If the failure surface is curved, the slide is a rotational slide. Rotational slides can be recognized because the upper surface of the moved material is tilted inwards, toward the failure surface.
Flows
As material moves down-slope in a slide it may become progressively more disrupted. Such disrupted slides are sometimes called slumps although there is no sharp boundary between the two categories. With further disruption, the moving material may develop into a flow. Flows are masses in which the moving material loses coherence as it moves, behaving more like a liquid. Typically there must be either water or air present between the solid particles of rock, in order for a flow to move.
Debris flows
If moving material is water-saturated, it may develop into a debris flow, earth flow, or mudflow, in which all trace of the original structure is lost, and blocks of rock are carried along by a muddy matrix. Debris flows are some of the most hazardous mass-wasting phenomena as they may move fast (several tens of kilometres per hour) over large distances. Debris flows can carry blocks of rock that are metres or tens of metres across.

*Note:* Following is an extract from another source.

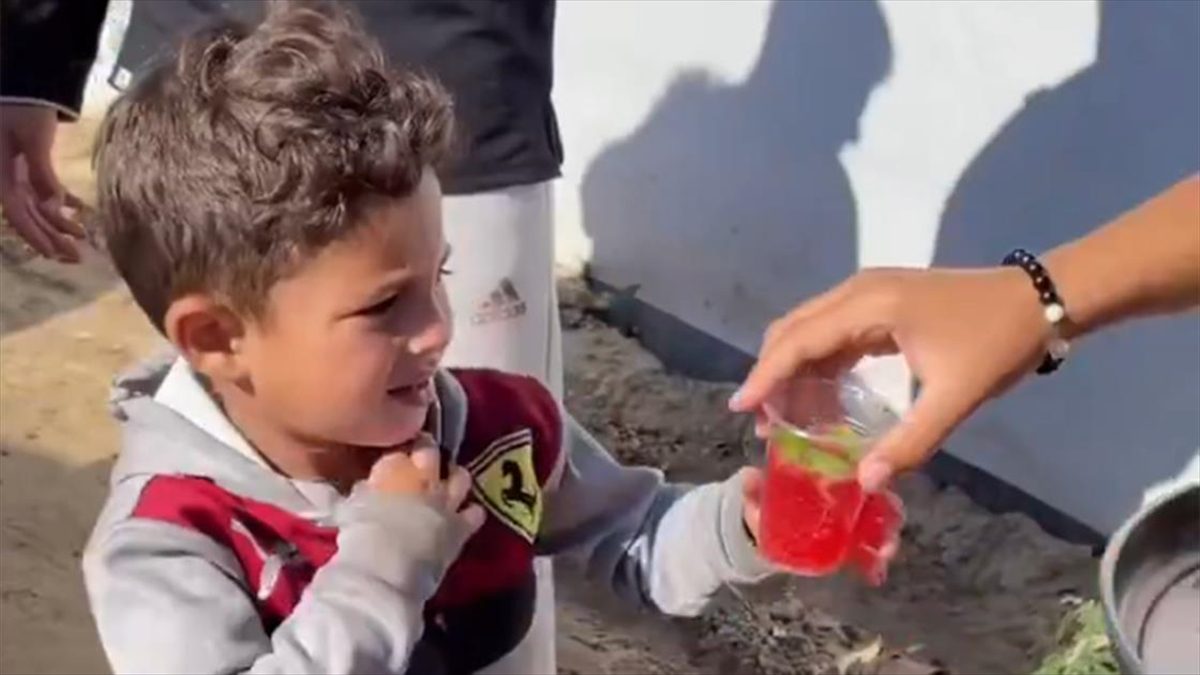 Türk Kızılayın Gazze'deki yerel ekipleri, yardım kolilerinden çıkan Kızılay maden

Debris flows may be laminar (in which all the material is transported roughly parallel to the base of the flow) or turbulent (in which material is carried by swirling movements in the flow) like rivers, but the deposits of debris flows are typically very poorly sorted, containing a wide range of grain sizes.
Debris flows are common on the slopes of volcanoes (covered in the section on igneous processes in the rock cycle) where they are known as Lahars.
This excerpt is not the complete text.